Ever since Hardy wrote his Wessex novels, millions of English-knowing readers fell into love with Hardy, his characters and his country. As one enters Wessex the memory of Hardy’s heroes, heroines and other characters assail him from all sides and in one’s mind’s eye one sees Tess, Henchard, Jude, Sue, Bathsheba, Sergeant Troy, Clym Yeobright, Eustacia and others roaming in this beautiful countryside.

The Wessex in which Hardy sets his tales and weaves their plots is essentially of his early childhood and of his immediate forebears. At that time this area of England had exceptional natural beauty aand was still remote and largely rural. Its inhabitants were barely touched by either industrial or agrarian revolutions. But during Hardy’s lifetime that Wessex was fast disappearing and even as he began his first Wessex novels under the heavy thatched eves of his Bockhampton cottage much of his countryside had vanished already.

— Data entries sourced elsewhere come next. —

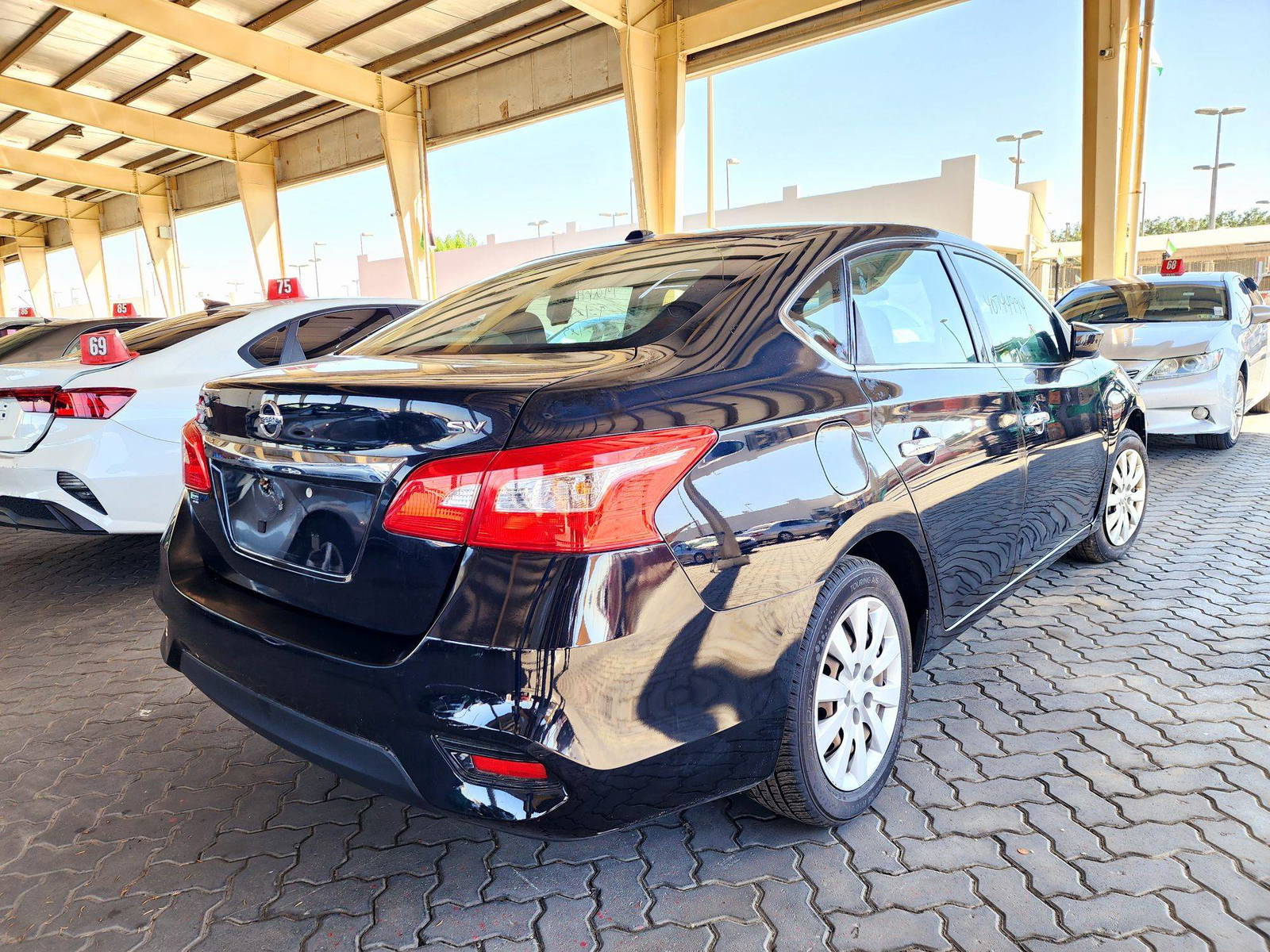 2016 NISSAN SENTRA — 172417 Miles — Lot 40744994 — Souq - Marhaba Auctions Used Cars - Image 3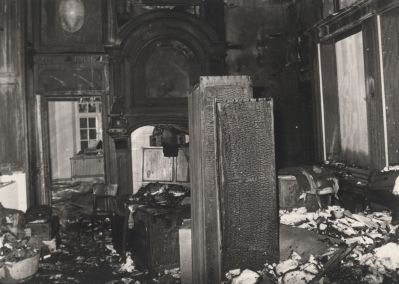 De-dag-na-de-brand
Interieur van de parterre van het kasteel na de vernietigende brand van januari 1971.
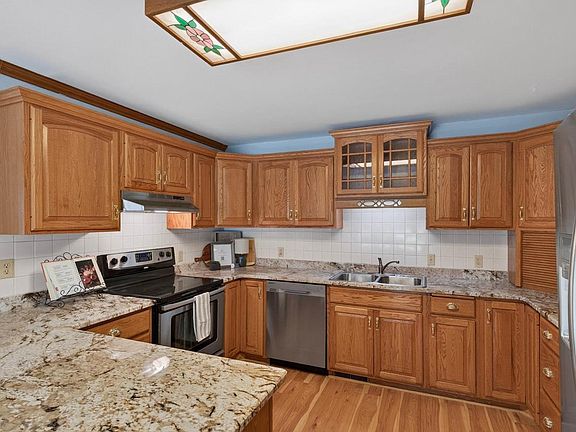 4th image of 238 CRESTVIEW LANE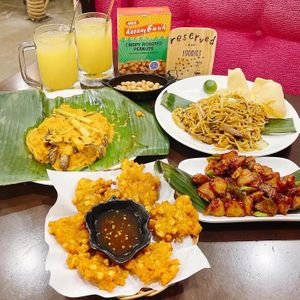 Vegan indo foodie at Warung Ijo in Central Singapore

Hardy found great solace in nature
Hardy found great solace in nature

But Hardy’s mind refused to be swayed by this change. He clung so intensely to the old Wessex that for him it could not be lost — it would be real and present for him forever. For him sleepy villages and towns respectively drowsed and bustled as they had for long centuries past. He could still hear the plodding of footsteps, the clopping of horse’s hooves and the rumbling of cart wheels. Seasons bringing with them their own particular festivals and rites; the ploughing, harvesting; the feasts and dancing and the inhabitants rooted in ancient myths and superstitions enjoying old-time celebrations at the ushering in of a new season fascinated him and became subject of his novels.

For Hardy Wessex was a living entity. He dwelt on the Wessex of the profound past, with its historic and prehistoric past and earth works, its burial mounds and long barrows. "Its giants and horses carved white as ivory in the chalk of timeless hillsides,"were real and immediate to him.

Hardy uses two groups of names of places in his works: some actual and some fictitious. Among the real names are the Vale of Blackmoor or Blackmore, Hambledon Hill, Bulbarrow, Nettlecombe Tout, Dogburry Hill, High-story, Bubb-down Hill, the Devil’s kitchen, Cross in the Hand, Long-Ash Lane, Giants Hill, Crimmercrock Lane and Stonehenge. Real name of rivers like Froom or Frome and Stour along with large towns like Bath, Plymouth, The Start, Portland Bill, Southampton, were retained to mark the geographical boundary of the Wessex. Some real names of the towns were changed to fictitious names, as Dorchester became ‘Casterbridge’, Salisbury Plain became ‘The Great Plain’, Shaftesbury changed to ‘Shaston’, Winchester to "Wintoncestor’, Oxford to ‘Christminster’ and so on.

Wessex presents an enticing diversity. There are rolling chalk downs of Wiltshire and the high moors. Undulating topography of this region is breathtaking. There is the lush green river valley dotted with clumps of trees and small woods in between the villages. In Somerset’s Doone country the valleys are hidden by shrubs and through them shining streams appear and disappear in the undergrowth. In the lush dairy lands of Gloucestershire the scene is idyllic where one finds shepherds, milkmaids and farmers busy in their daily chores. Gloucester glows with the honey-coloured stone quarried from the Cotswolds.

It was and is used for churches and mansions and humble village homes.

The age-old tranquillity in Cotswold villages is in complete contrast to the rugged rural fastness of the heart of Hardy’s Dorset country. Here thatching of cottages is done with specially selected wheat straw — Dorset Reed — which gives a smoother finish than ordinary straw thatch. The limestone cliffs of portland bill and the pebble sweep of Chesil Beach on the Southern shore contrast with the wide golden sands of the Bristol Channel. Dorset is famous for its blue vinny cheese and Somerset for its cheddar caves.

Everywhere there is mystery and legend — mystery in the stone circles of Averbury and Stonehenge, burial mounds, intricated hill forts and giant figures cut by prehistoric men on turf-clad chalk hills, legends that are almost tangible in places like Glastonbury and the fabled Avalon of King Arthur, whose Camelot is believed to be Cadbury Castle, near Sutton Montis.

Through his imaginative works Hardy’s Wessex is as much alive today as it was in the time of his forebears.